#### DATA RECORDS ####
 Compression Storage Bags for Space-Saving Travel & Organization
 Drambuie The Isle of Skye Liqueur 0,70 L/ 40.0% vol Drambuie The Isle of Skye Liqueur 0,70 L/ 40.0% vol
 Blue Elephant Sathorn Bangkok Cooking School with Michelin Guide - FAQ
####
#### DATA RECORDS ####
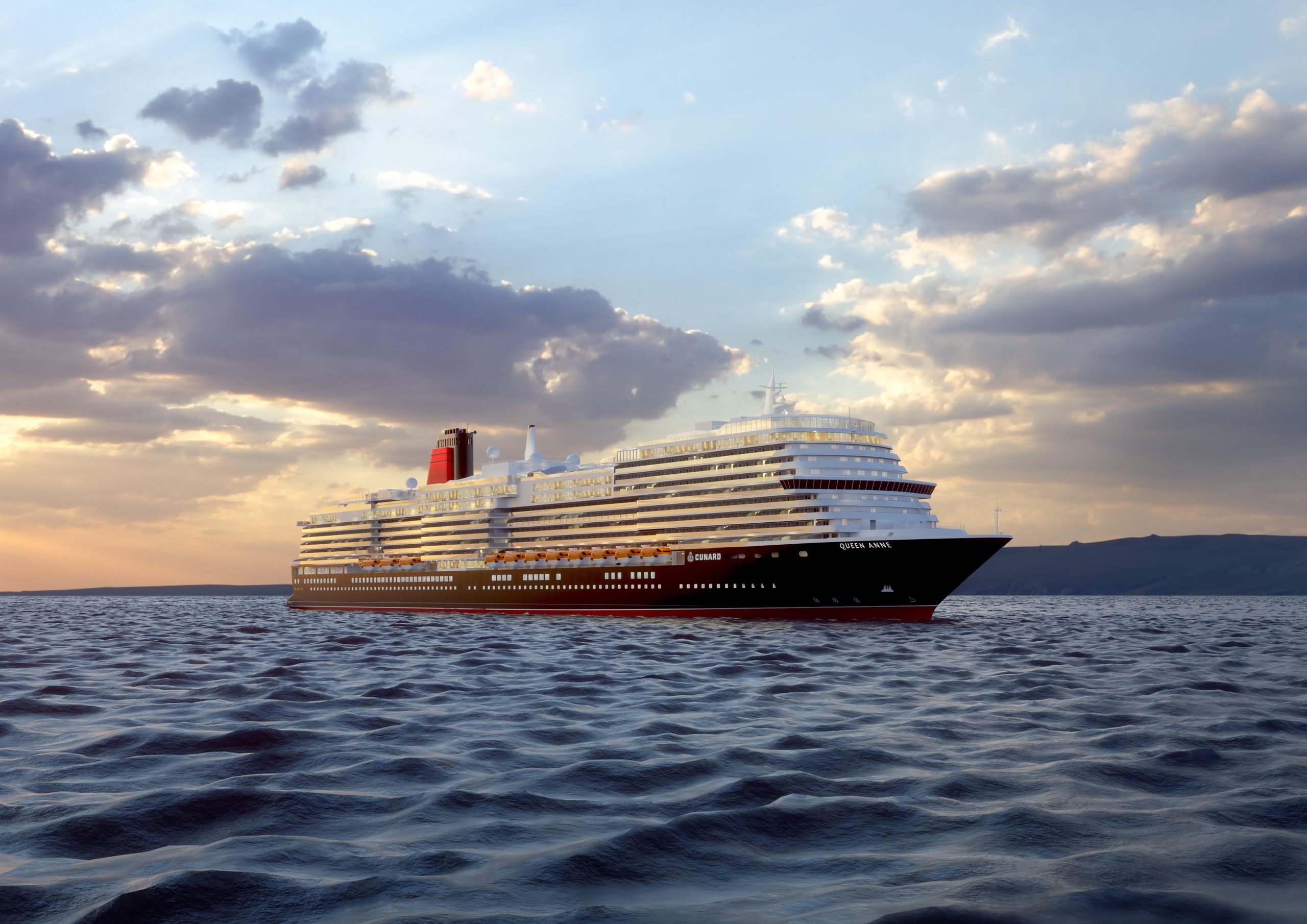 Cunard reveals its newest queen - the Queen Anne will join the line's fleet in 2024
####
Print exactly the lines above from the one with "Compression Storage Bags" to the one with "Blue Elephant Sathorn", including both.

• [SOLUTION FOR THIS PROBLEM]:
 Compression Storage Bags for Space-Saving Travel & Organization
 Drambuie The Isle of Skye Liqueur 0,70 L/ 40.0% vol Drambuie The Isle of Skye Liqueur 0,70 L/ 40.0% vol
 Blue Elephant Sathorn Bangkok Cooking School with Michelin Guide - FAQ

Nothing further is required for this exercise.